Material provided:
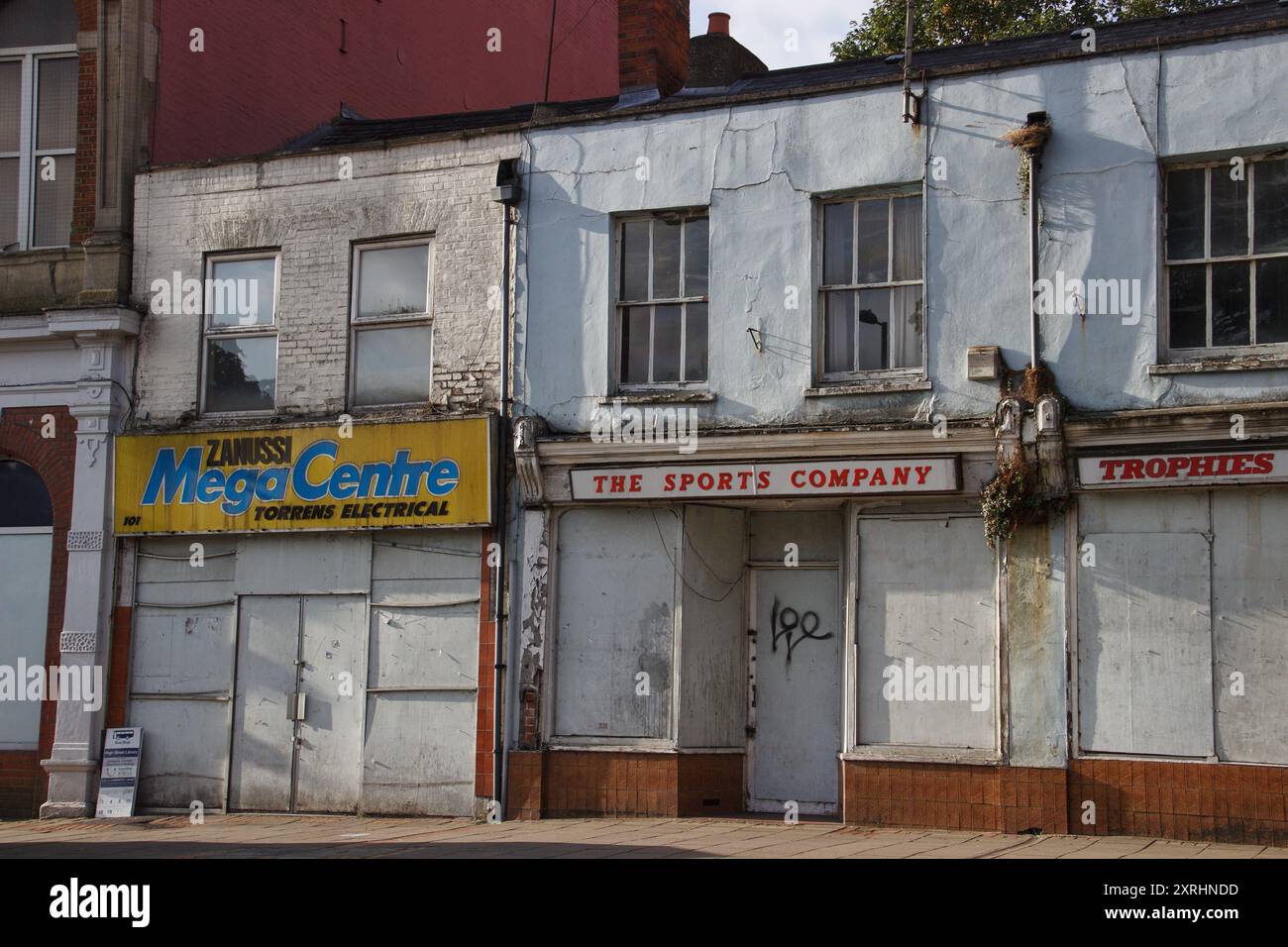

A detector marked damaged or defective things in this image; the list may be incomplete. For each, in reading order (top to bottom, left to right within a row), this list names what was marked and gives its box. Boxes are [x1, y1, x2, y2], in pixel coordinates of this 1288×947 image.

broken window [0, 50, 76, 250]
broken window [199, 252, 277, 414]
broken window [349, 239, 434, 404]
broken window [610, 213, 701, 386]
broken window [816, 190, 919, 378]
broken window [1165, 158, 1284, 353]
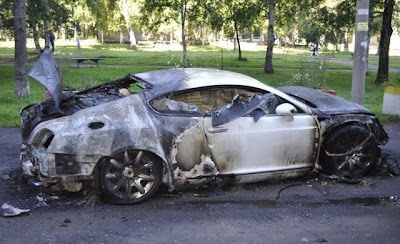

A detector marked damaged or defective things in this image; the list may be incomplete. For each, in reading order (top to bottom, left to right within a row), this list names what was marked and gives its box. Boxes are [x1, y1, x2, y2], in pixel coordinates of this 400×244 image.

burned car [21, 50, 388, 203]
charred car body [21, 52, 388, 204]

Task to carry out: Retype the lines from the one containing "this 400×244 image." to the last line above. Change nothing and include no others.

Exercise result:
A detector marked damaged or defective things in this image; the list may be incomplete. For each, in reading order (top to bottom, left to right within a row), this list names what was marked and gives its box. Boxes are [x1, y1, x2, y2], in pixel coordinates of this 400×244 image.

burned car [21, 50, 388, 203]
charred car body [21, 52, 388, 204]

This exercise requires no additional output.